Data for this task START

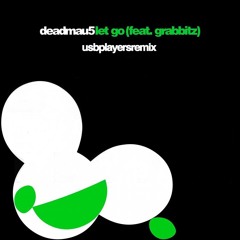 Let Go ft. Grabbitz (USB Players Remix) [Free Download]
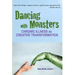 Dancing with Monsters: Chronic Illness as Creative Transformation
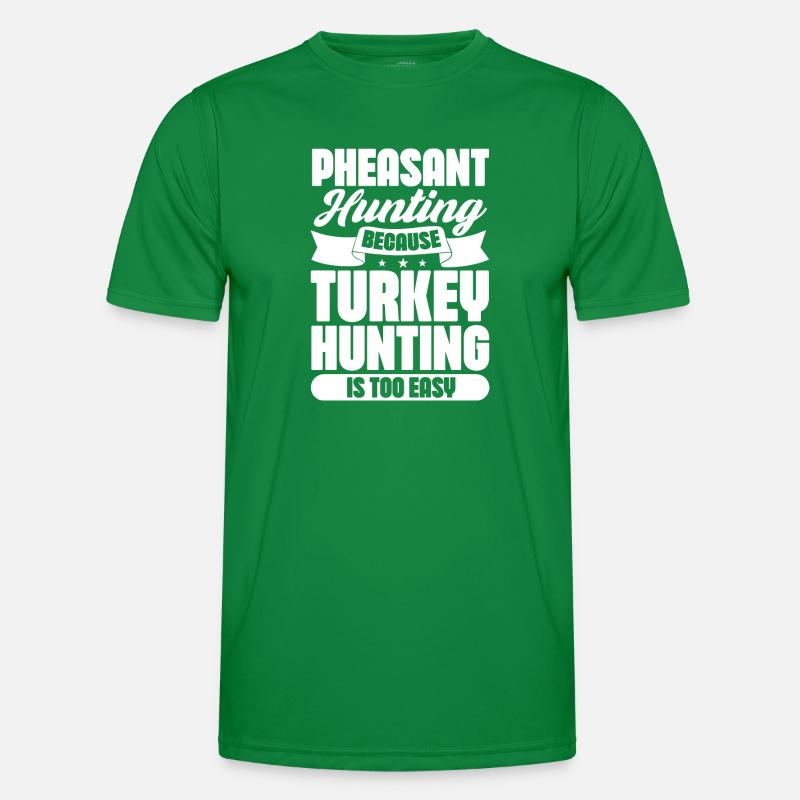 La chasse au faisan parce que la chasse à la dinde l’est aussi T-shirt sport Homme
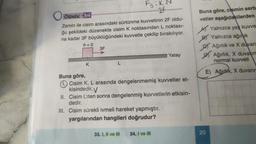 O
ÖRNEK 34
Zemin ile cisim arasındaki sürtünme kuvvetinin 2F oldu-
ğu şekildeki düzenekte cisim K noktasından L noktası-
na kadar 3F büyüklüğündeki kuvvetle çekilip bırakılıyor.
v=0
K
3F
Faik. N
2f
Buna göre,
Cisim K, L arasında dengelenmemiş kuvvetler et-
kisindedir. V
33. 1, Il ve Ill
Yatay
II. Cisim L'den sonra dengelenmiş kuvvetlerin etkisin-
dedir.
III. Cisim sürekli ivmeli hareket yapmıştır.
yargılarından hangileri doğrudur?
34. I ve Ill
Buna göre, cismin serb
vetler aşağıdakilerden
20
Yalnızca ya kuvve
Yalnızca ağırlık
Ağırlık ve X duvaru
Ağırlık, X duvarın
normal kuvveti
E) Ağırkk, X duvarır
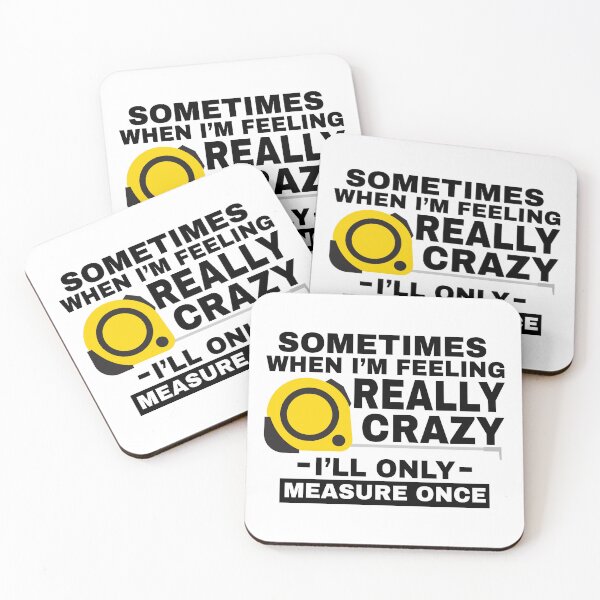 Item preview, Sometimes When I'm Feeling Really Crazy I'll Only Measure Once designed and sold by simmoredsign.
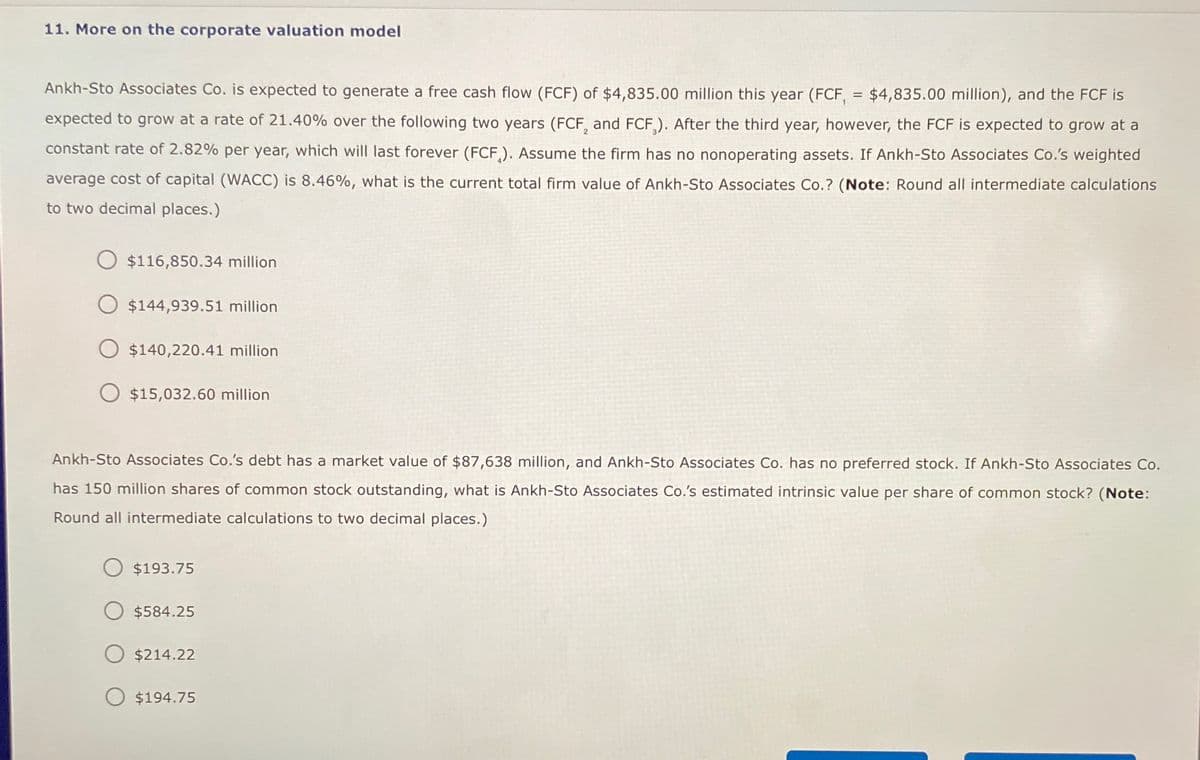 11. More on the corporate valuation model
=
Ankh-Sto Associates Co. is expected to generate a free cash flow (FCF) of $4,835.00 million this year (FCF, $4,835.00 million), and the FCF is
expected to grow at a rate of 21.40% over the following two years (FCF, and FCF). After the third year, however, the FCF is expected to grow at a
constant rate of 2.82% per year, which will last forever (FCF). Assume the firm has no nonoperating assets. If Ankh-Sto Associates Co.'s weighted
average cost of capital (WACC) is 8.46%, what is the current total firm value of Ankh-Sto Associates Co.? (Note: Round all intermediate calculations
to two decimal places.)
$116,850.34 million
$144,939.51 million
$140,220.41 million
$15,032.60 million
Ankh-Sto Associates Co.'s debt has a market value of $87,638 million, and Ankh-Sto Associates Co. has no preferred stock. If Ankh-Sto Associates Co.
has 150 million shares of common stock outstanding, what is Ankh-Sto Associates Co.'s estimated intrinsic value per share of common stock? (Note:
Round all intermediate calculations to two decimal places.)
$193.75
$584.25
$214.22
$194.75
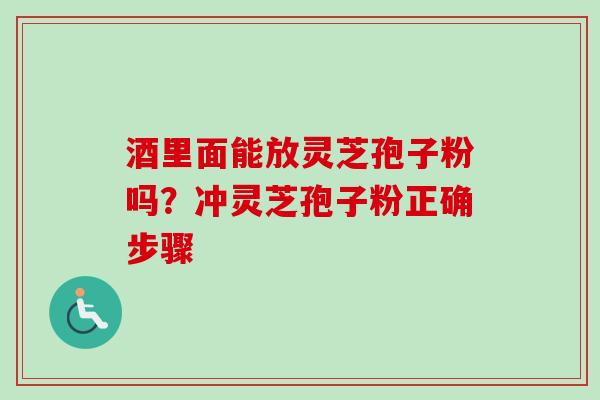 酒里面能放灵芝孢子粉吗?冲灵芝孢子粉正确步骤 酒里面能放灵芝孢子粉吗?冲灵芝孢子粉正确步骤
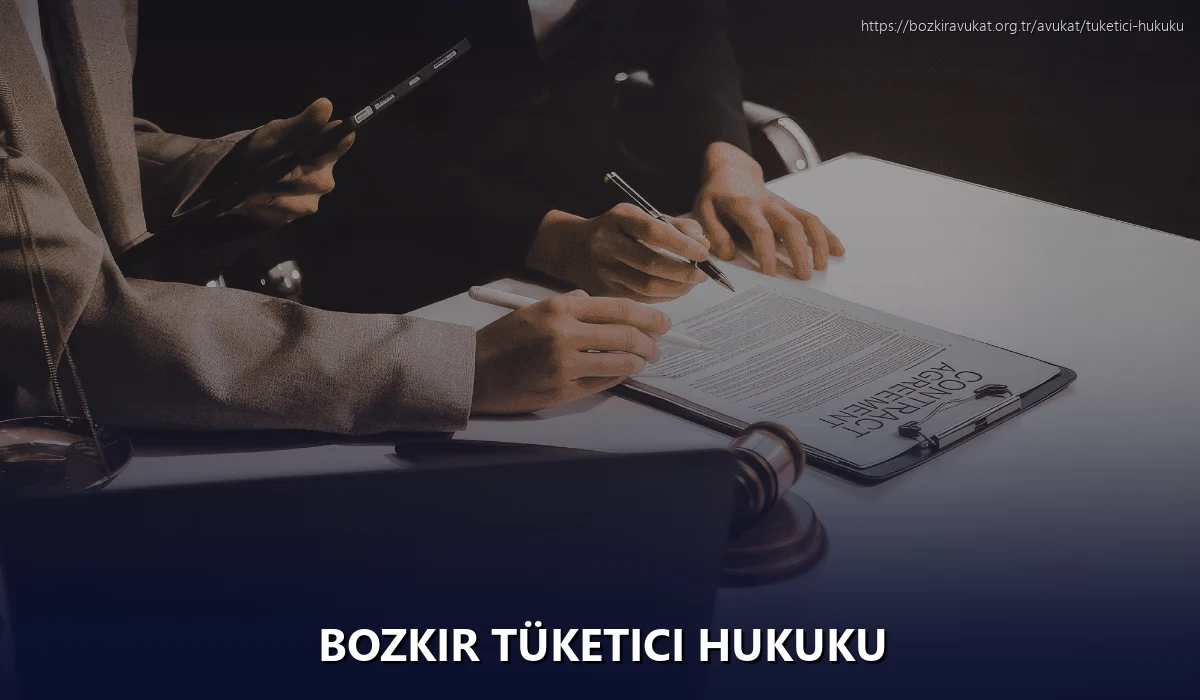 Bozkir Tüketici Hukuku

Data for this task END
Data for this task START

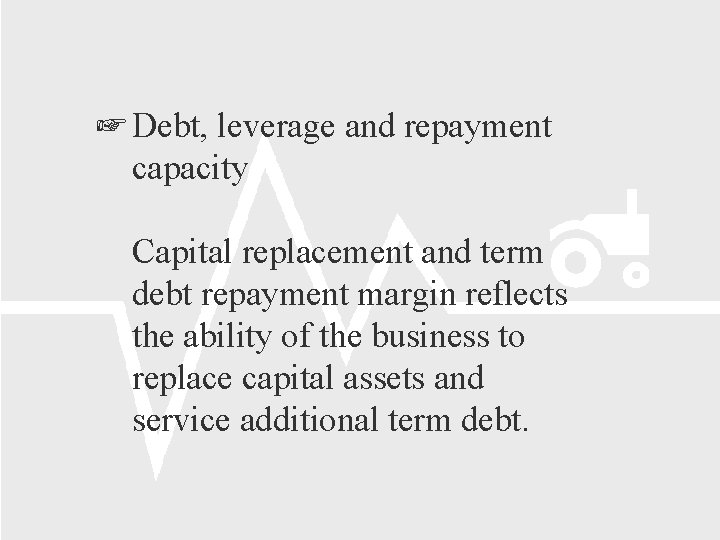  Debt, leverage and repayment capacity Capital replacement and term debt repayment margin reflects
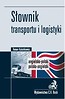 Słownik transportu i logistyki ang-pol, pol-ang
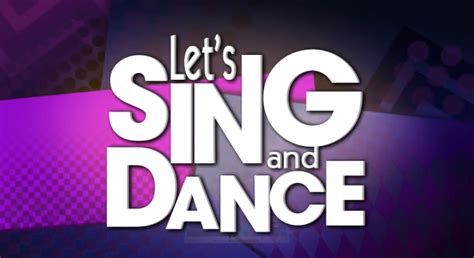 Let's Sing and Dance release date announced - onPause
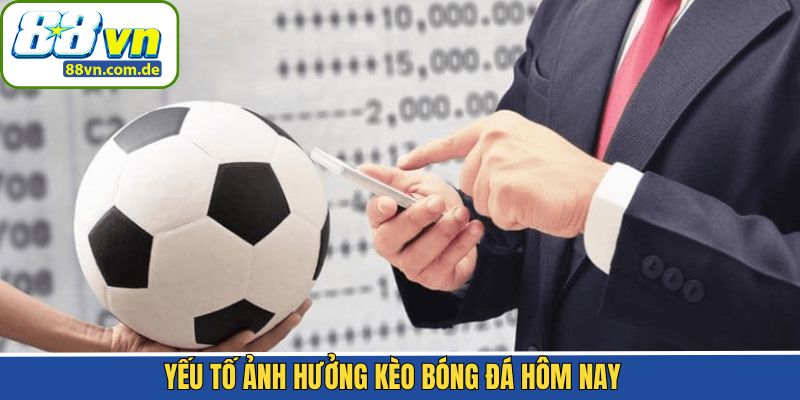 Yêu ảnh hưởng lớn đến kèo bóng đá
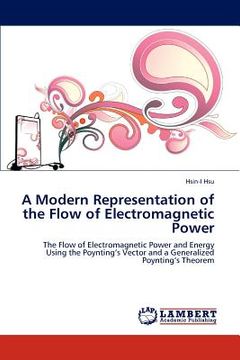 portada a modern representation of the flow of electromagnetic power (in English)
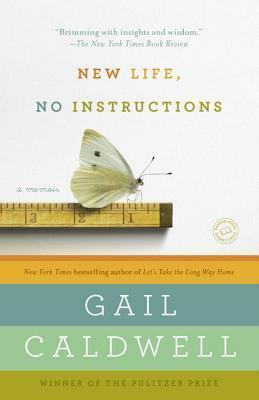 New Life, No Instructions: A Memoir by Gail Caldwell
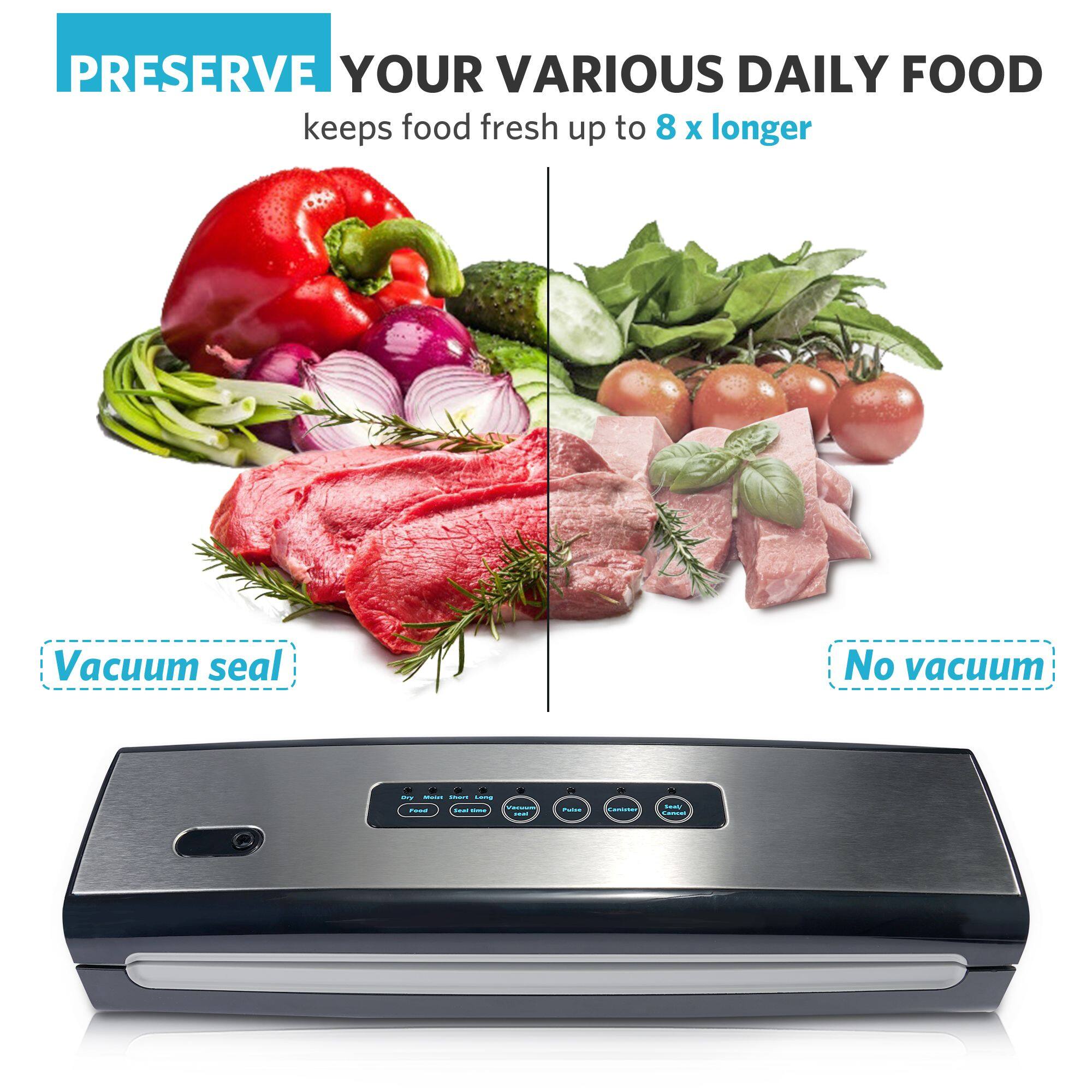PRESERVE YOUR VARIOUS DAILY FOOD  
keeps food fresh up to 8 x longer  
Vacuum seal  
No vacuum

Data for this task END

> **Work item**: Please make an exact copy of the lines above from the line with "ğu şekildeki düzenekte" through the line with "normal kuvveti", both ends included.

> **Expected answer**:
ğu şekildeki düzenekte cisim K noktasından L noktası-
na kadar 3F büyüklüğündeki kuvvetle çekilip bırakılıyor.
v=0
K
3F
Faik. N
2f
Buna göre,
Cisim K, L arasında dengelenmemiş kuvvetler et-
kisindedir. V
33. 1, Il ve Ill
Yatay
II. Cisim L'den sonra dengelenmiş kuvvetlerin etkisin-
dedir.
III. Cisim sürekli ivmeli hareket yapmıştır.
yargılarından hangileri doğrudur?
34. I ve Ill
Buna göre, cismin serb
vetler aşağıdakilerden
20
Yalnızca ya kuvve
Yalnızca ağırlık
Ağırlık ve X duvaru
Ağırlık, X duvarın
normal kuvveti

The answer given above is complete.